Like many other nations, Iran uses its cyber capabilities to accomplish a variety of goals, ranging from traditional espionage to relatively simple denial of service attacks to more destructive operations. In December 2018, Wired magazine’s Lily Hay Newman explained the history of a particular strain of malware known as Shamoon, which is designed to steal information and then wipe data from the targeted computers. While definitive attribution of cyber attacks can be difficult, over the years researchers have tied the malware to Iran and have seen it used against energy companies.
The first know Shamoon strike was a 2012 attack on Saudi Aramco, which deleted files on a majority of the oil company’s computers, replacing them with images of a burning American flag, the New York Times reported at the time. Also in 2012, Iran employed denial of service attacks against a group of US banks, overloading computer servers with traffic in order to render them inaccessible. In 2014, Iranian hackers attacked computer servers at casinos belonging to the Sheldon Adelson’s Sands company. Adelson, a prominent billionaire who is active in right-wing and pro-Israel causes, said in 2013 that the US should threaten to drop a nuclear bomb on Tehran.
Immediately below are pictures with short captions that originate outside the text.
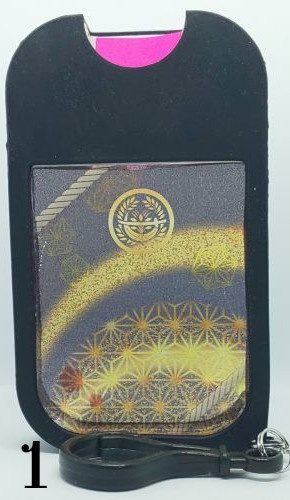 スプレーボトル(政宗組)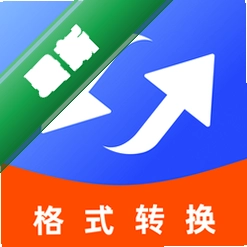 免费格式转换器
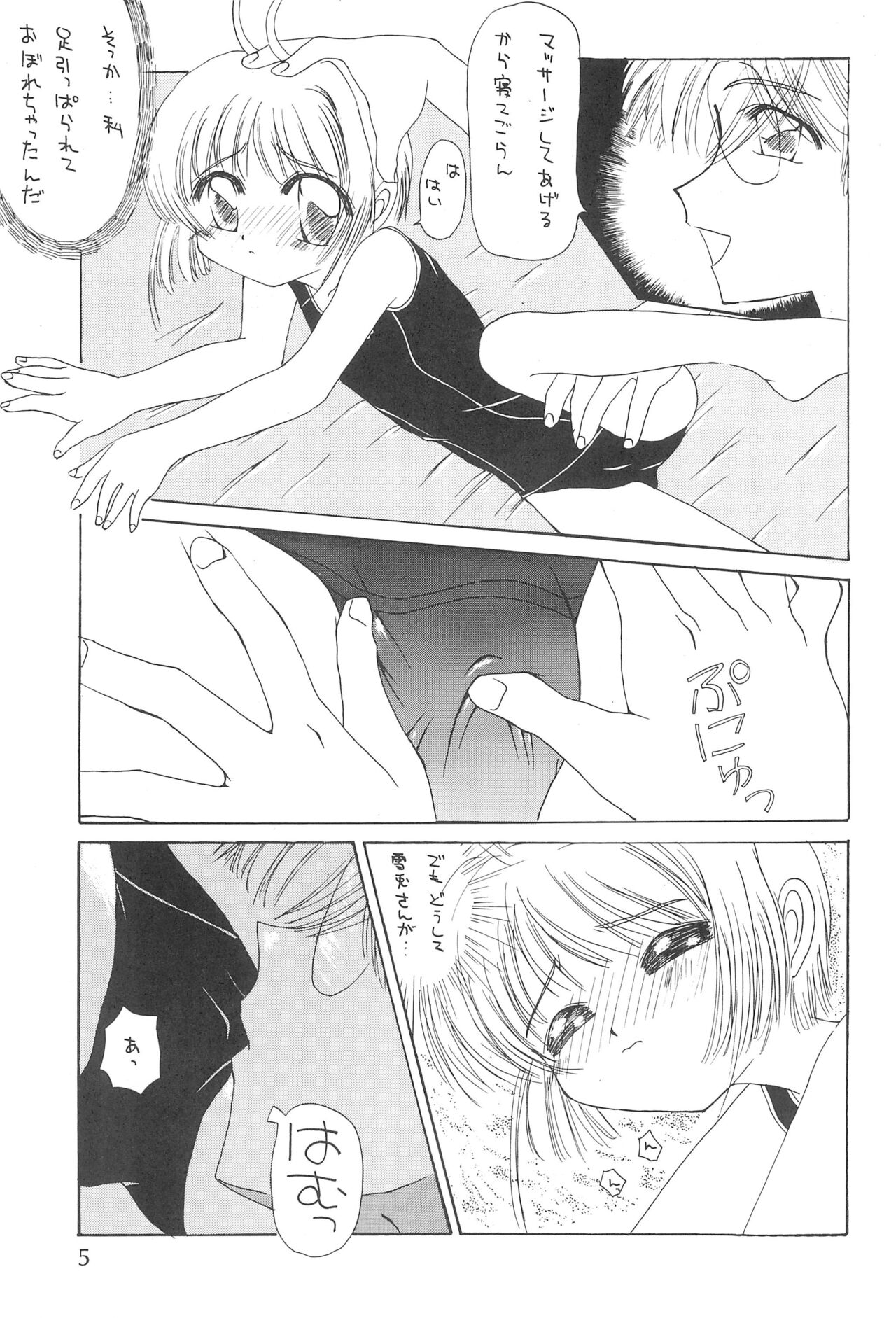 Sakurairo no Kiseki page 7 full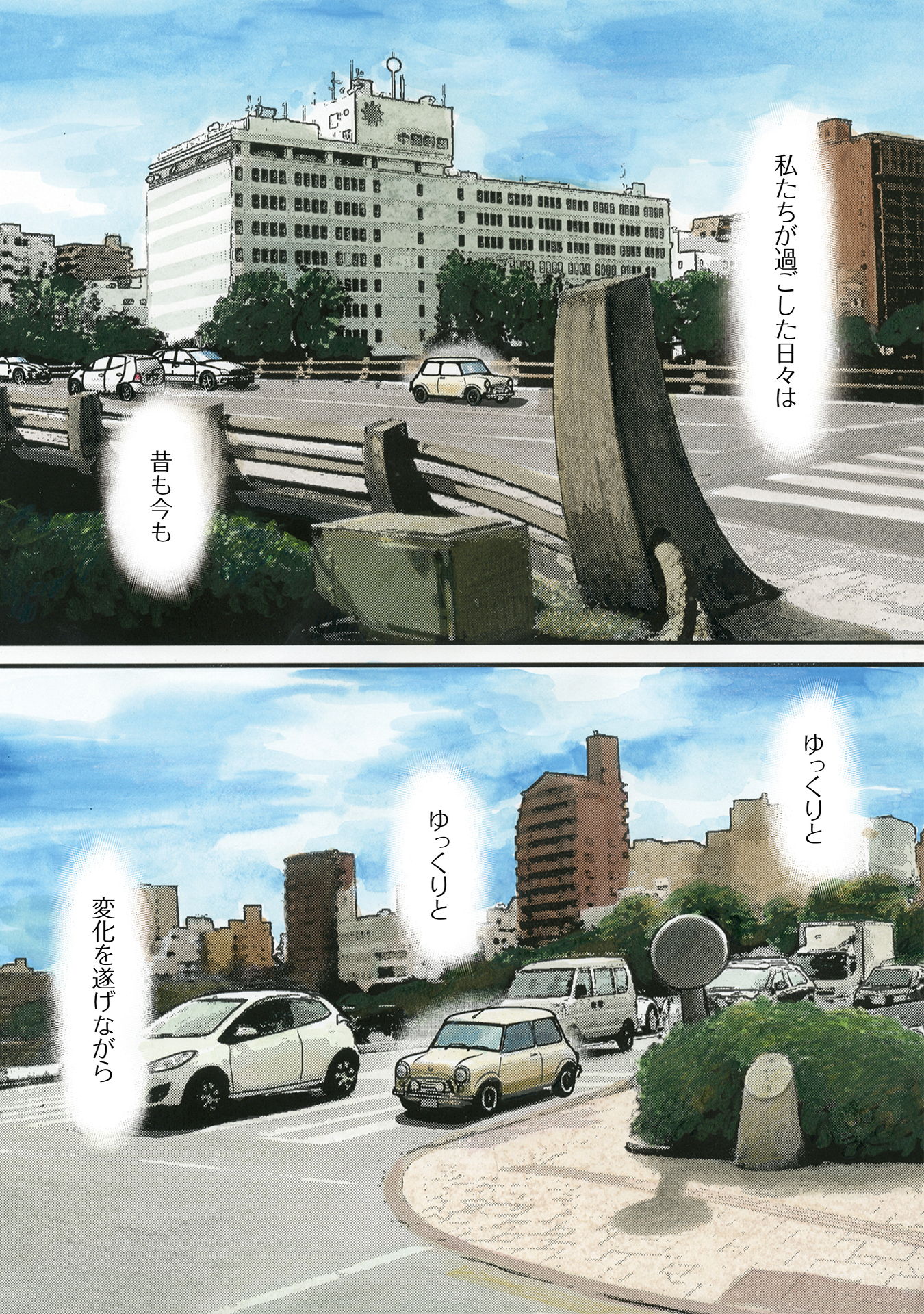 さくらと介護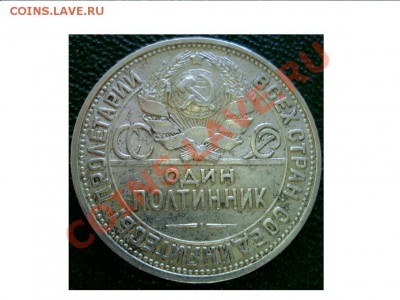 Один полтинник 1926г.ПЛ - IMG_2172.JPG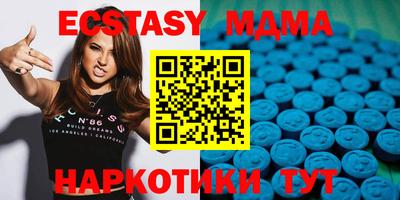 круглые Донской
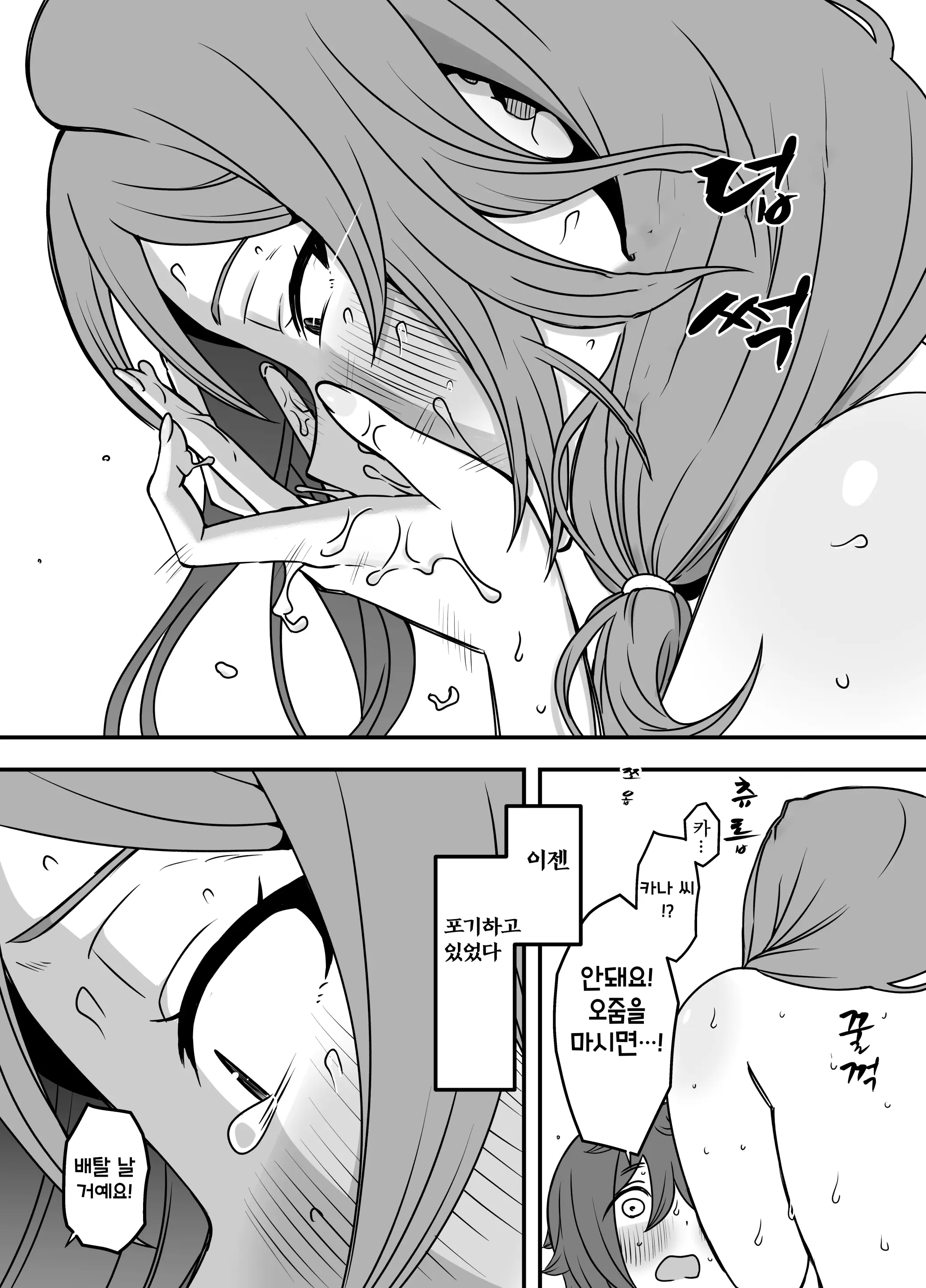 웹툰 이미지 35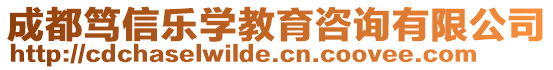 成都篤信樂學(xué)教育咨詢有限公司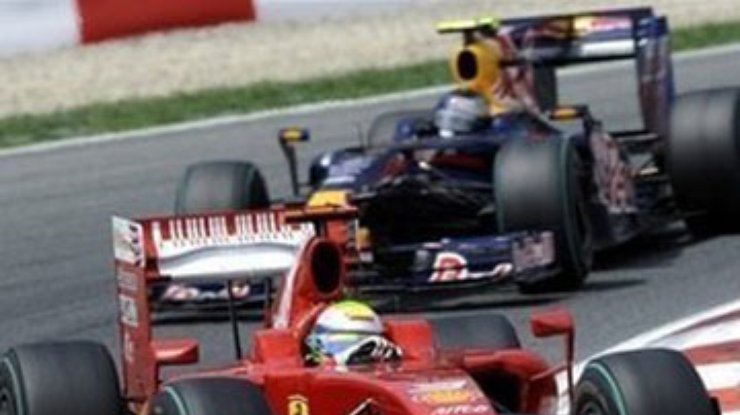 "Феррари", "Ред Булл" и "Торо Россо" грозятся покинуть Формулу-1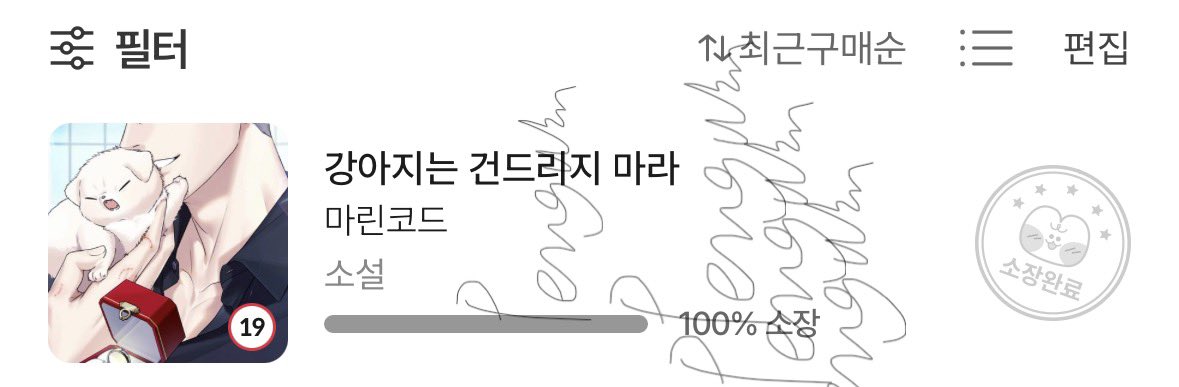 Charlie_qwwq's tweet image. 等待小狗勾的番外回归🐾🐾🐾
Waiting for the extra chapter of the manga.
만화 외전을 기다립니다.
漫画の番外編を待っています.
รอตอนพิเศษของการ์ตูน.
🥺🥺🥺🥺🥺🥺

 #강아지는건드리지마라
#PawsClaws
#不要欺负小狗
Williams said attacks along the lines of Shamoon could happen now—but with one key difference. They would be carried out by hackers whose skills have “progressed significantly in the last several years,” potentially resulting in more damage than before.
Still, Lee said that when it comes to critical infrastructure, Americans shouldn’t panic. “Our infrastructure deserves more protection but is safe and largely resilient,” he said. “We should do more, but fear less.”